Here we go again. Yet another prominent figure on the world stage makes the tragic mistake of trying to ridicule someone else (or himself) by name calling. And in this case, Swiss football player, Michel Morganella not only called his South Korean opponents a name, but the slang he used is equated to calling someone “mentally retarded.”

Just typing those words make my stomach knot. But there it is again. Who can we ridicule with impunity? Those who with intellectual disabilities are often too kind and too quiet to counter. Who do we call out to humiliate our adversaries? Those who are tragically accustomed to humiliation. Who do we need to degrade in order to assert ourselves? Those who keep trying to claim their voice against all odds only to be scoffed at as they are trying to be heard.
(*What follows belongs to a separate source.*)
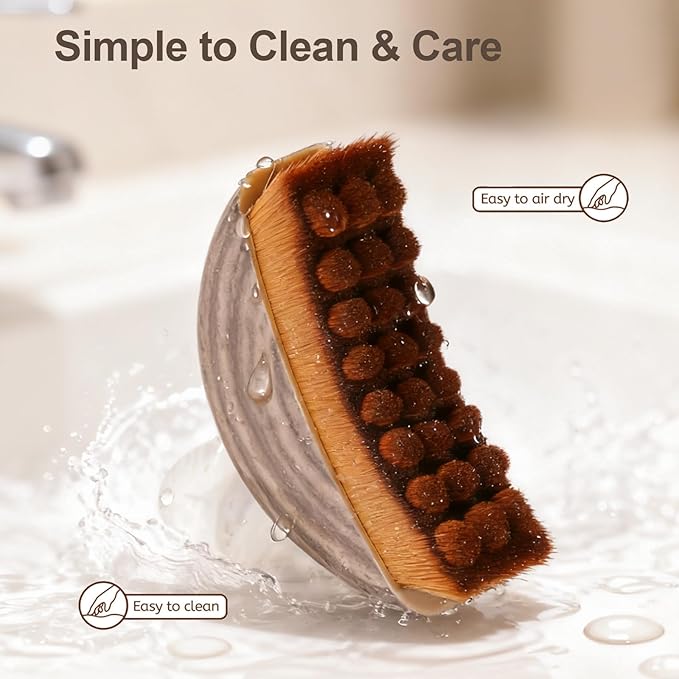 Lymphatic Contour Face Brush, Manual Lymphatic Drainage Massager, Natural Makeup Brushes with Durable Gentle Bristles, Hypoallergenic Ergonomic Facial Cleansing Brush for Sculpting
Enough. Morganella has been sent home, cast out of the Olympic games. Rightly so. Perhaps he will have a moment to reflect and collect himself. I hope so. Deliberate malice exists but it rarely comes from the core. At our best, we all aspire to goodness. I hope Morganella will find it at home.

The rest of us are left to reflect and refresh. Why does this odious stereotype rear its head so often? How can we heal it and create communities that are safe from this type of bullying and ridicule? How can we embrace more fully the grit and fearlessness and reckless openness that so many people with intellectual disabilities–those who look small in the world– bring in the biggest way to our lives?
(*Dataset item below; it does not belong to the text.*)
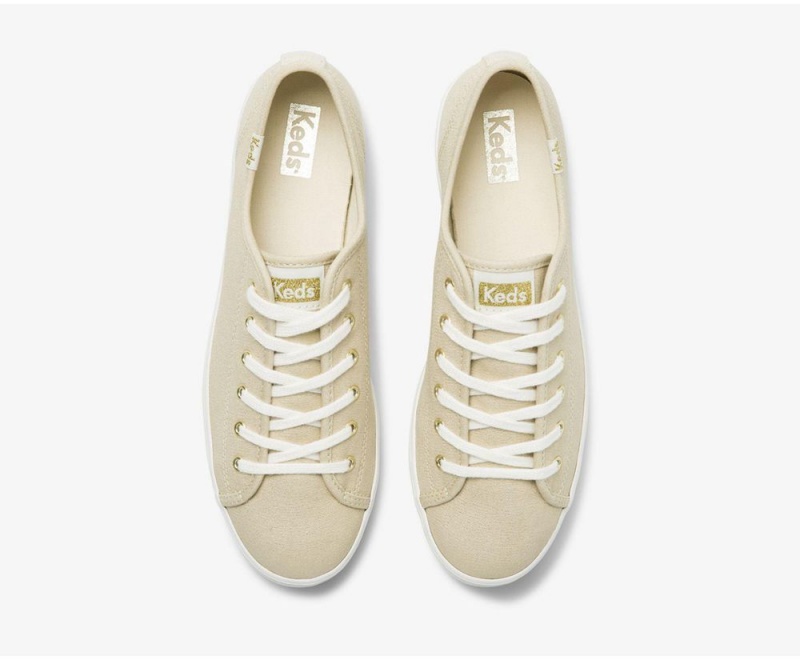 Keds Triple Kick Metallic Canvas Gold | 3690-JUQRZ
The Olympic games are about winners. But the Olympic spirit recognizes that there are many ways to win. Bravery, courage, joy, and grit are their own rewards. Morganella didn’t show them this time so he will not be counted as a winner. But many people all over the world–athletes of Olympic greatness who also happen to have intellectual disabilities–show it everyday. Although they’re not competing in London, they’re winners in more ways than Morgella can imagine.

Let’s join them in sport and in life. Once and for all: end the names. And in their place? Play the games!  And perhaps Morganella will join Special Olympics in South Korea in 2013 where they will be showcasing to the world the meaning of the true Olympic spirit at the Special Olympics World Winter Games PyeongChang.

17 thoughts on “End the Name Calling!

  1. I wish name calling stops and no special Olympics athlete does’nt deserve to be called names

    Meghan O’Donovan a Special Olympic athlete of Stratford Ontario

  2. In all actuality, I think the ones that make remarks like this is when they need to spend time with these kids and just show them that they have bigger hearts and bigger minds and they don’t have to downgrade someone to be bigger or smarter than the next person. They are very smart in their own right and deserve the respect because they put up with disrespectful people like that.

  3. once again someone says the r-word. Every time I hear someone say that I stop in my tracks and look for the person that proclaimed that horrible term . I then inform them that that term is offensive to everyone. I have a younger sister that I have had to protect my whole life from
    people like that. For goodness sake, when will it stop.

  4. What about the Swedish administrator who called it an “insult to the Koreans” but did not mention those with DS. He seems to have implied by omission that using people with DS as a punchline was okay as long as it doesn’t drag in another group of people.

  5. Lots of words are “marginalizing” to a lot people with disabilities who are mentally handicapped. But they aren’t all obsessed with ridding the world of those words.

  6. Excellent article, very well written! I couldn’t agree more, this sterotype and this word need to be put to bed! Articles like this make it clear that no one appreciates this language and that it needs to end!

    • Guess the dignity of people with intellectual disabilites wasn’t as important in the following: “In Morganella’s case, he “discriminated against, insulted and violated the dignity” of the South Korean team, as well as the nation’s citizens, Swiss committee chief Gian Gilli said Monday in a statement at a news conference.”
      TIME FOR CHANGE!!!!!!!!!

  7. know what its like to hear the r word and it should not be allowed any where iam a special olympian and athletes need to not use the r word please help me spread the word please dont use the r word around athletes they are people too

  8. I am sick and tired of how easily the word “retard” or “retarded”, roll off the tongues of so many people! Having a child with Down Syndrome, I take complete offense to it! If anyone uses the word in front of me, I immediately correct them!

  9. From what I’ve read, an even bigger tragedy is that the press reported the incident as a racist slur against Koreans, and totally left out the R word slur that Morganella used. Until the press, social media and the entertainment world fully understand how marginalizing the R word is, they will continue to overlook the hurt that our community experiences when we hear it.